Motor Djendra melewati gang pasar malam, di mana ada banyak orang lalu lalang melewati gang yang dipadati oleh banyak penjaja dagangan, mulai dari makanan hingga pakaian. Aku mengernyit. "Kenapa lewat sini? Kan macet?"

"Mau jajan," ujarnya seraya terkekeh.

Berhenti di depan tukang seblak paling ujung, Djendra melepas helmnya. "Lo enggak pedes, kan? Dulu pas anak OSIS makan bakso bareng, punya lo doang yang bening."

Seraya menyeka mata yang mulai basah, aku membenarkan. Kurogoh saku celanaku. "Ini uang gue."

"Udah." Djendra mendorong pelan tanganku. "Bills on me."

"Bang, dua. Satu pedas, satu enggak, ya." Djendra mengajakku duduk menunggu di dekat abangnya. "Sini aja nunggunya."

Abang Tukang Seblak itu menoleh padaku, lalu menyadari bahwa wajahku memerah di bagian mata dan hidung. "Kok nangis, Neng? Diputusin sama si Aa'?" godanya seraya menoleh ke Djendra.

"Yah si Abang," Djendra terkekeh. "Dijahatin temen kerjanya dia mah."

"Oalah." Abang Tukang Seblak itu kini mengamatiku. "Udah atuh Neng, jangan nangis. Coba Neng itung, ada berapa orang yang datang ke pasar malam hari ini?"

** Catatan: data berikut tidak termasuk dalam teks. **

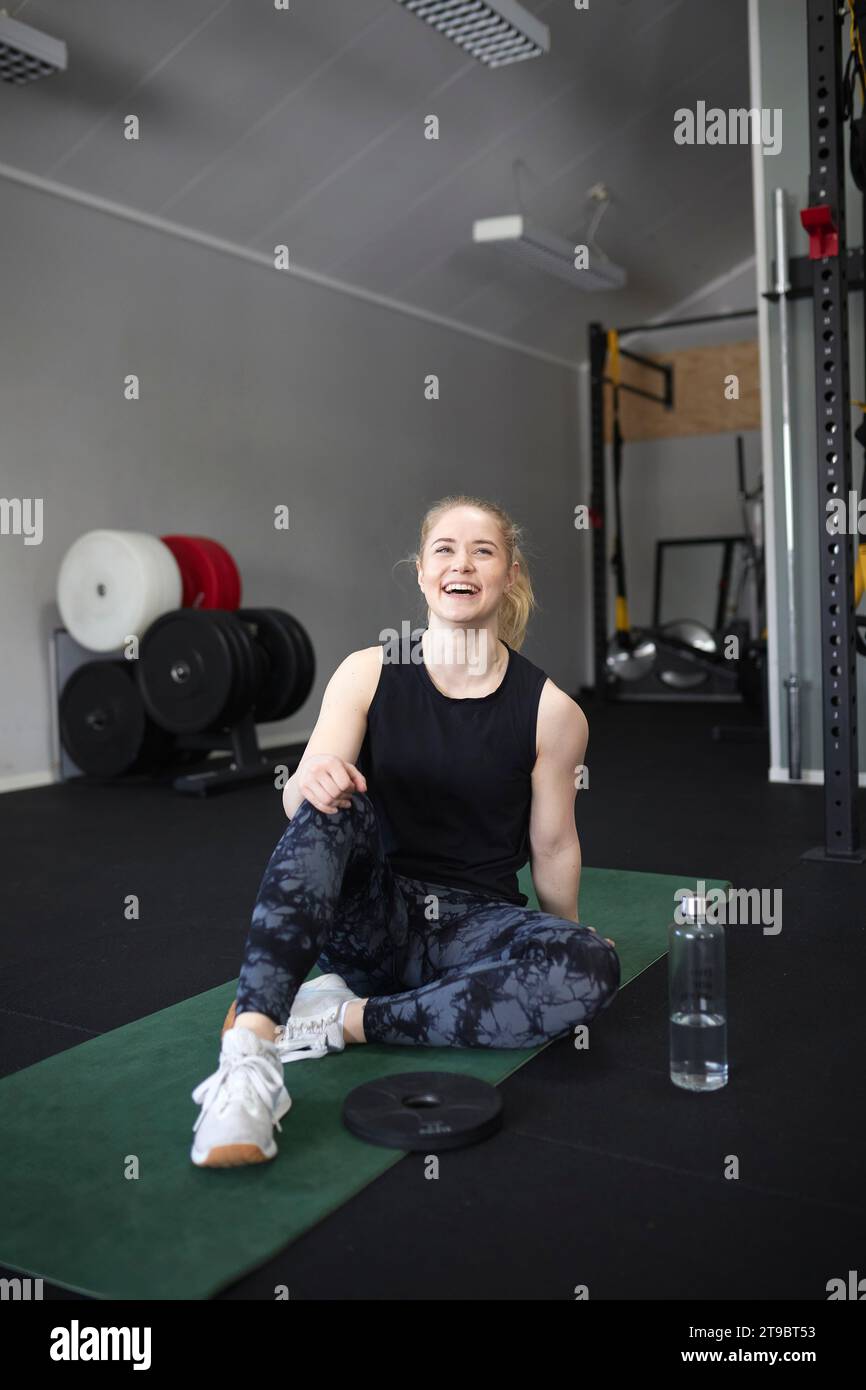Die ganze Länge einer glücklichen jungen Frau, die im Fitnessstudio auf einer Trainingsmatte sitzt Stockfoto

Kugelengkan kepala sambil terkekeh pelan. Kurang kerjaan banget menghitung banyak orang di pasar malam ini. "Banyak, Bang. Mana keitung."

"Nah itu dia, Neng. Di pasar malam ini aja gak terhitung, apa lagi di dunia, di Indonesia?" Kulihat beliau menuangkan sambel ke dalam kuali. "Segini cukup gak, A' cabenya?"

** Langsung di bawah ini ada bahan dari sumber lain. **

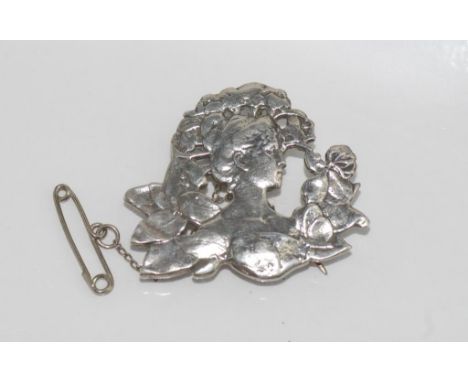 Art Nouveau brooch of girl with flowers size: approx 3.5 by 3 cm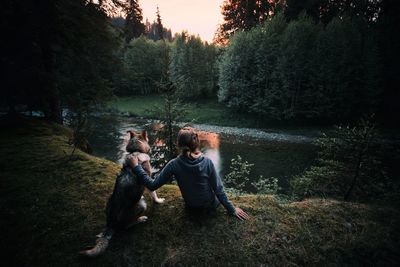 People sitting on dog by lake in forest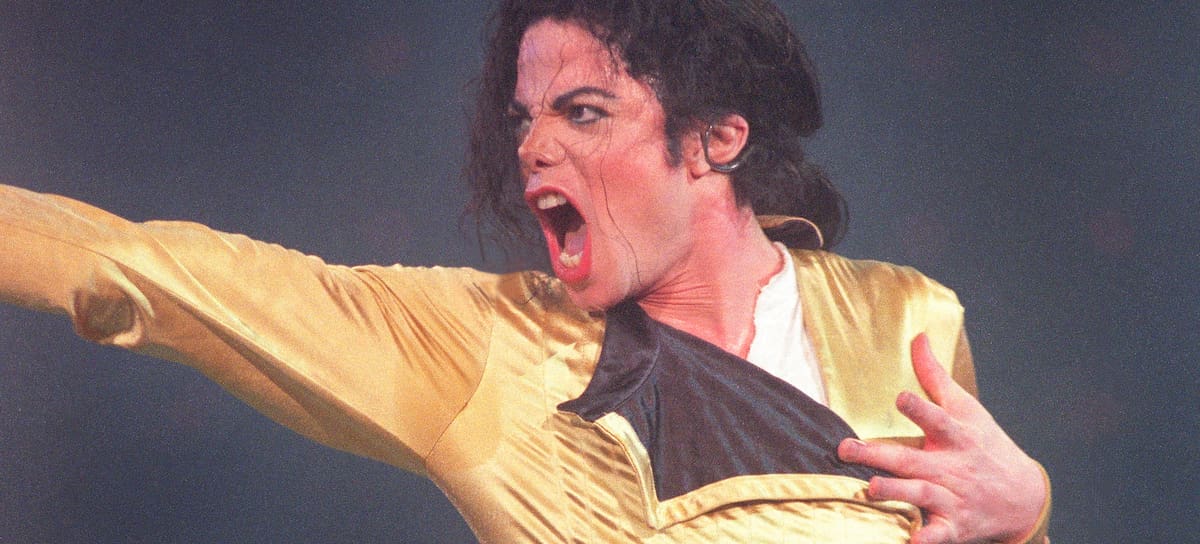 Michael Jackson performs live on stage, 1996. (Photo by Phil Dent/Redferns)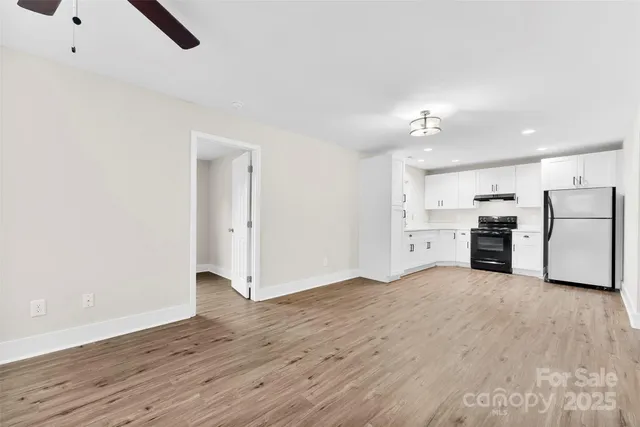 a view of a kitchen with a sink stove cabinets and empty room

Djendra mengacungkan jempol. Si Abang Tukang Seblak kembali menoleh padaku. "Di dunia ini banyak manusianya, Neng. Sifatnya juga beda semua. Kalau ada yang benci sama Neng mah, lumrah. Itu di luar kuasa Eneng. Yang penting, Eneng yakin gak berbuat salah sama dia."

"Tuh, denger." Djendra menoleh padaku. "Enggak udah dijadiin beban, Ra."

"Hidup itu kan bergelombang, Neng, A', tapi dijalaninnya dengan seneng aja. Bersyukur. Hidup emang begini, penuh liku-liku."

***

"Jadi, sekarang lo kerja di Azalea?" Juandra menarik sebuah balok Jenga dengan hati-hati. "Pantesan markas kita pindah ke rumah Kala."

Aku berdeham malas. "Gue bosen ke sana." Padahal aku selalu emosi jika melihat Aliya, Leoni, dan yang lainnya.

"Katanya banyak yang ngeselin," adu Djendra sambil menyikut Mas Gun. "Kasih tau Mas, cara menghadapi rekan kerja yang nyebelin."

Mas Gun menyeringai. "Diemin aja, Ra. Nanti juga capek sendiri."

"Siapa sih emang?" Ini Kala yang bertanya. Sepasang matanya fokus mengamati Jenga sebelum menarik salah satu balok perlahan. "Aduh gila, mati ini mah gue."

Benar saja, tumpukan balok kayu tersebut runtuh setelah Kala menarik salah satunya. Juan dan Djendra lantas berdiri dan bersorak, sedangkan Mas Gun menyodorkan segelas rebusan daun pegagan tanpa gula pada Kala.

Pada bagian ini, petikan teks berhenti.